*** Begin section ***
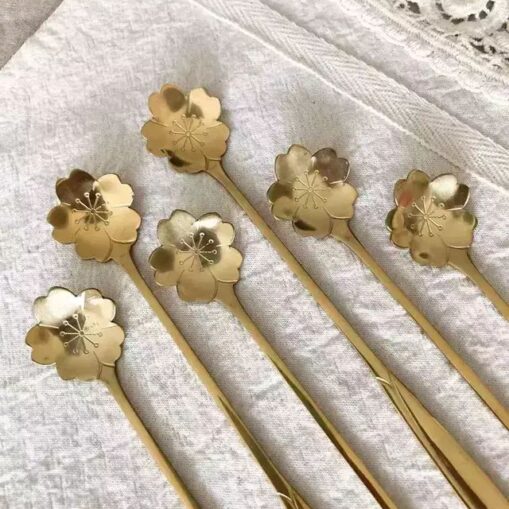 Cuchara Flor Dorada
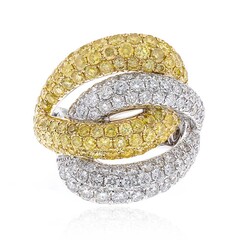 Gelber SI2 Brillant-Goldring (CIRARI)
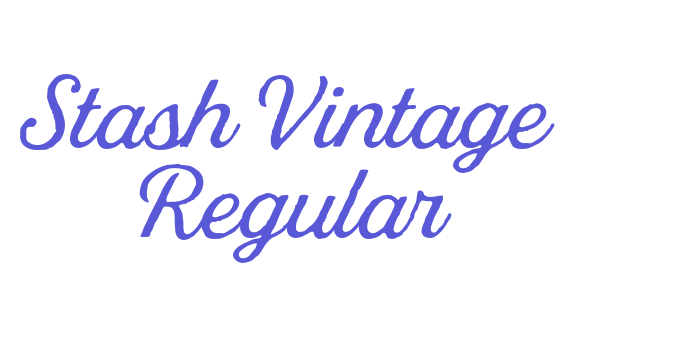 Stash Vintage Regular Font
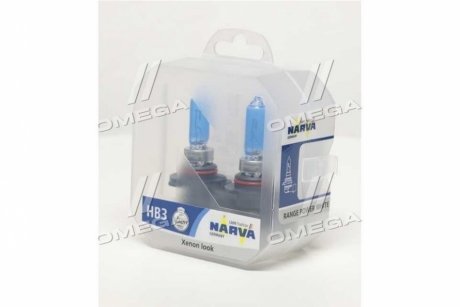 Лампа розжарювання TWIN SET Hb3 12v 65w RANGE POWER WHITE (вир-во) NARVA 48625S2 (фото 1)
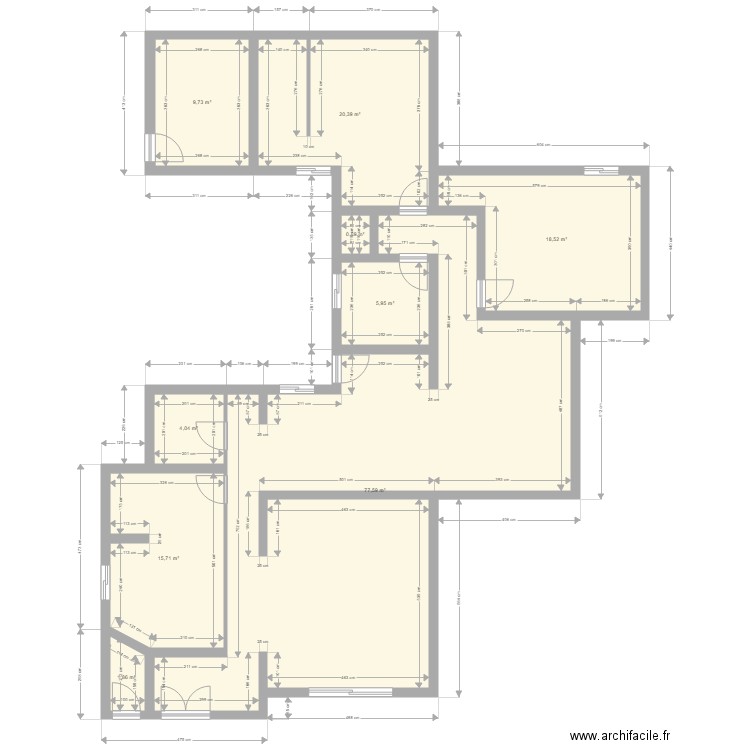 RRRRRR. Plan de 0 pièce et 0 m2
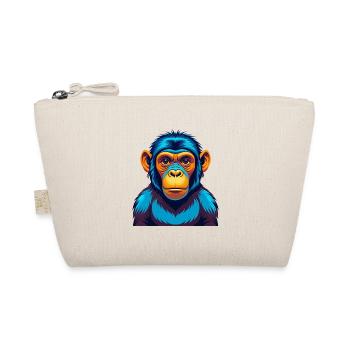 Bonobo Colorful Kawaii Cartoon Character Clipart - Organic Pouch - nature - Front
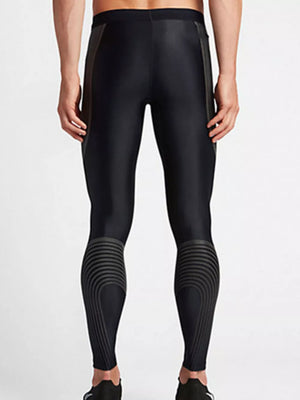 90% polyester, 10% spandex Care instructions: Machine wash cold leggings in Black with fitted silhouette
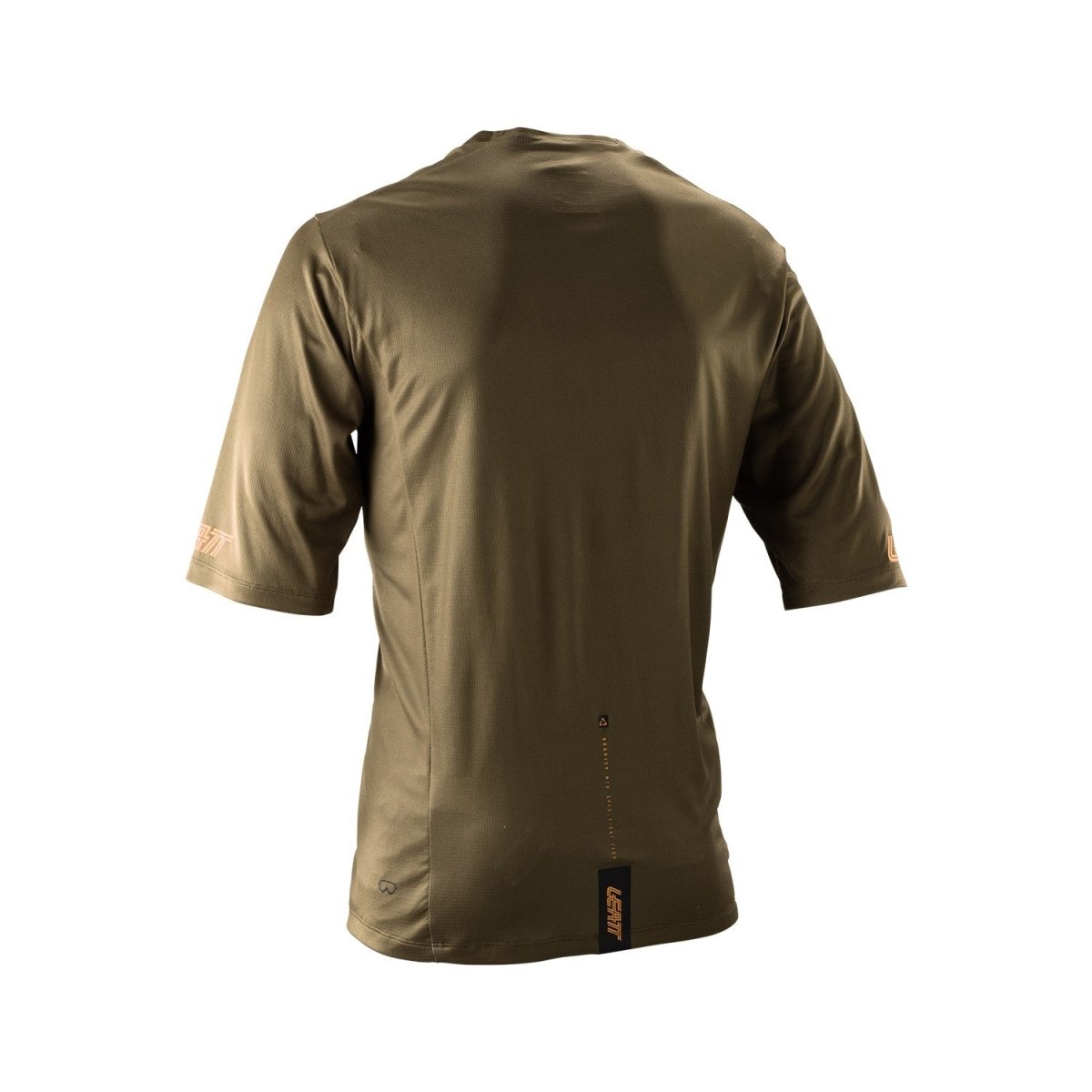 Jersey Leatt MTB Gravity 4.0 Manga Corta Café Arcilla XXL - FIERRIDE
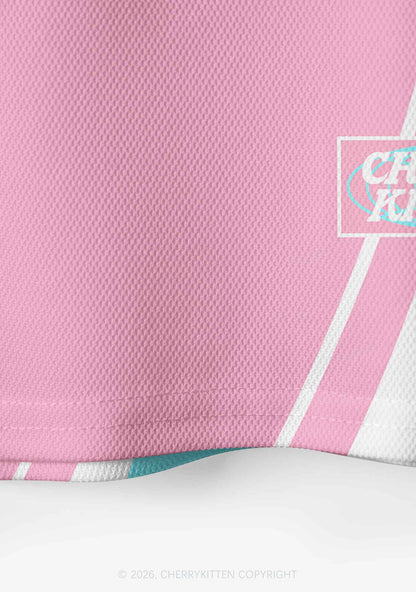Baby Gay Pride Y2K Crop Sport Jersey Shirts Cherrykitten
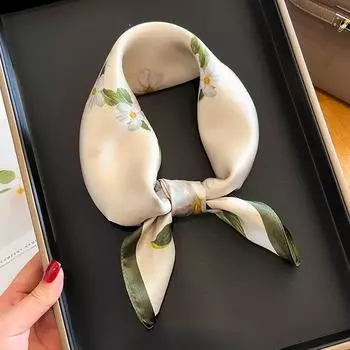 53 * 53 см шелковичный маленький квадратный шарф многофункциональный профессиональный модный декоративный шелковый шарф для весны и осени теплая шаль 53*53cm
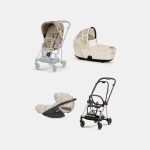 Carucior 3 in 1 Landou MIOS Lux SIMPLY FLOWERS BEIGE | mid beige + Cadru Carucior pentru Copii Mios Rosegold + Scoica Auto CLOUD T I-SIZE SIMPLY FLOWERS BEIGE | mid beige + Parte Sport Carucior MIOS SIMPLY FLOWERS BEIGE | mid beige Cybex Fashion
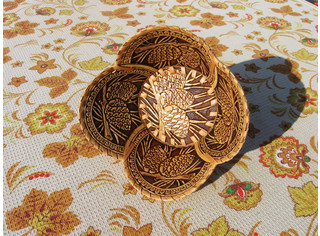 Тарелка 4 лепестка 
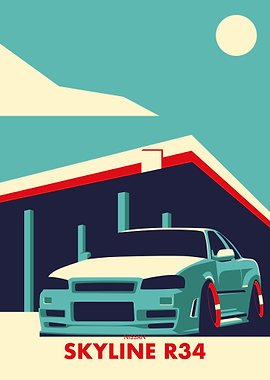 Skyline R34 Minimalist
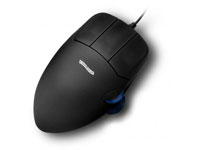 CONTOUR MOUSE, BLACK, LEFT HANDED, LARGE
*** End section ***
* Task instructions *
Output only the stretch above from the line with "RRRRRR. Plan de 0 pièce et 0 m2" through the line with "Jersey Leatt MTB", reproduced exactly. Exclude pictures.

* Output of the task *
 RRRRRR. Plan de 0 pièce et 0 m2
 Bonobo Colorful Kawaii Cartoon Character Clipart - Organic Pouch - nature - Front
 90% polyester, 10% spandex Care instructions: Machine wash cold leggings in Black with fitted silhouette
 Jersey Leatt MTB Gravity 4.0 Manga Corta Café Arcilla XXL - FIERRIDE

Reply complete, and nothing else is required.